Connection to the island creates connection to each other

When I moved to San Juan Island, I was pretty nervous about finding community. My previous moves relied heavily on a church family that I was no longer a part of, and I had heard that “transplants” didn’t have an easy time infiltrating generations-old groups of islanders. Add in the nightmare of social distancing and I was fairly certain I’d never have a crew again.

The land became our community; we hiked and explored and beached and camped. The trees were our anchor, the familiar sound of the eagles and frogs our safety. Going on the same trails again and again felt like going to a friend’s house. With a 2-year-old and a 4-year-old to wrangle and a marriage quickly disintegrating, it was honestly enough for me.
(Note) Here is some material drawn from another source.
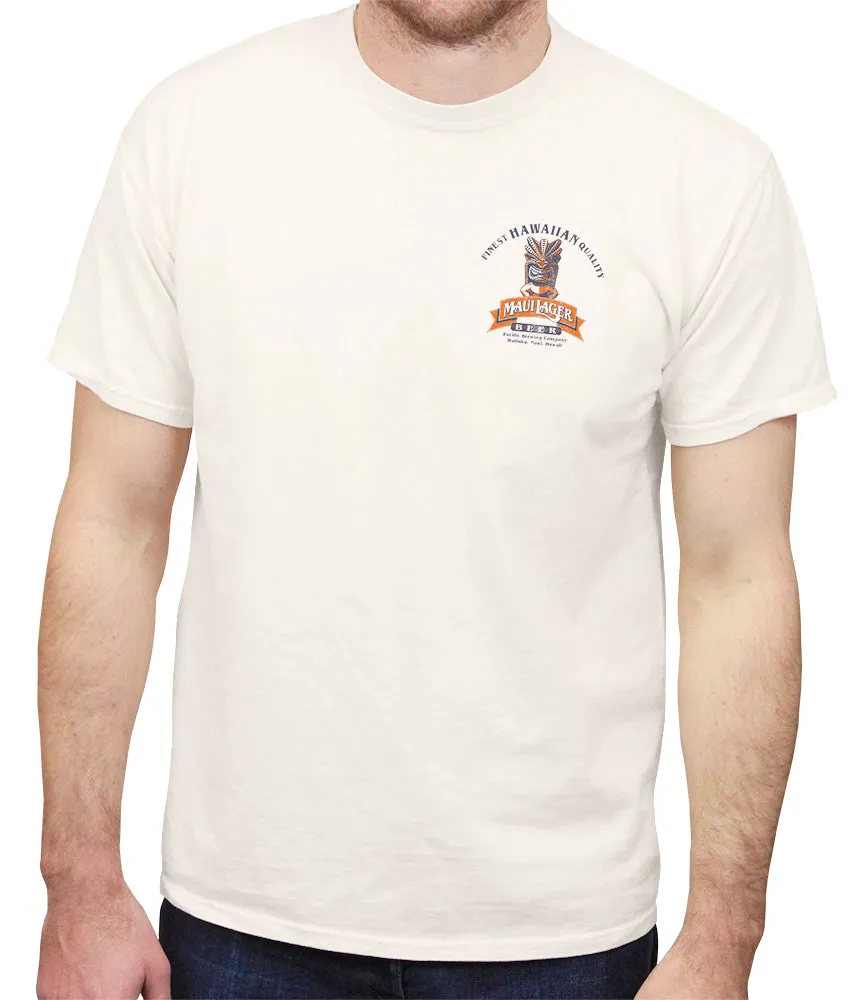 Maui Lager Tiki T-Shirt sold by Malibu Shirts product image thumbnail 3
I felt grounded. I felt home.

The SJI Homeschool Adventure Club started out as more of a hope than an official organization. I figured I would put the calendar out there and go on these adventures with my kids, whether anyone showed up or not. I had heard the homeschoolers here were isolationists and not easy to corral. My expectations were zero, but I put together a calendar anyway and posted it on Facebook. And held my breath.

Our very first adventure was a tour with Rami at Amaro Farms, and I was stunned when 40 people showed up. FORTY. The next week, at South Beach, there were even more. I met three of my best friends that day — their kids are more cousins than friends to my own, now. Adventure Club is meeting this week for our fourth Valentine’s Party together. My daughter was wearing pull-ups at our first one, and now she’s painting her nails and rolling her eyes at me when I say 6-7.

What made us all instantly band together was that the island home that had grounded my family had done the exact same for these other families, too. They foraged the same berries and loved the same baby whales and imagined dragon eggs in the same caves. They had turned to the island itself when society shut down the same way we had. Our connections to this place forged the connection to each other.

Last week at Adventure Club, we were sitting on a driftwood log at San Juan County Park, passing around Quinn’s baby and watching the kids work together to carry giant sticks up the hill for a reason only they understood. We could hear one of them playing his whistle, the sweet sound echoing out across the water, where we suddenly saw something floating differently than the other driftwood and bull kelp. It only took a moment or two for us to suspect that this something had been alive at some point and was now on its final journey.

What followed was an almost three-hour saga of watching this mysterious something drift closer and further with the currents and tides. It became a group mission to figure out what this thing was — we were zooming in with phone cameras, the kids were trying to hit it with rocks to hear the sound and determine the density (one of our newbies has a shockingly good arm). By the time we were all absolutely mad with the curiosity of it, the tide finally did us a favor and delivered the mystery to shore.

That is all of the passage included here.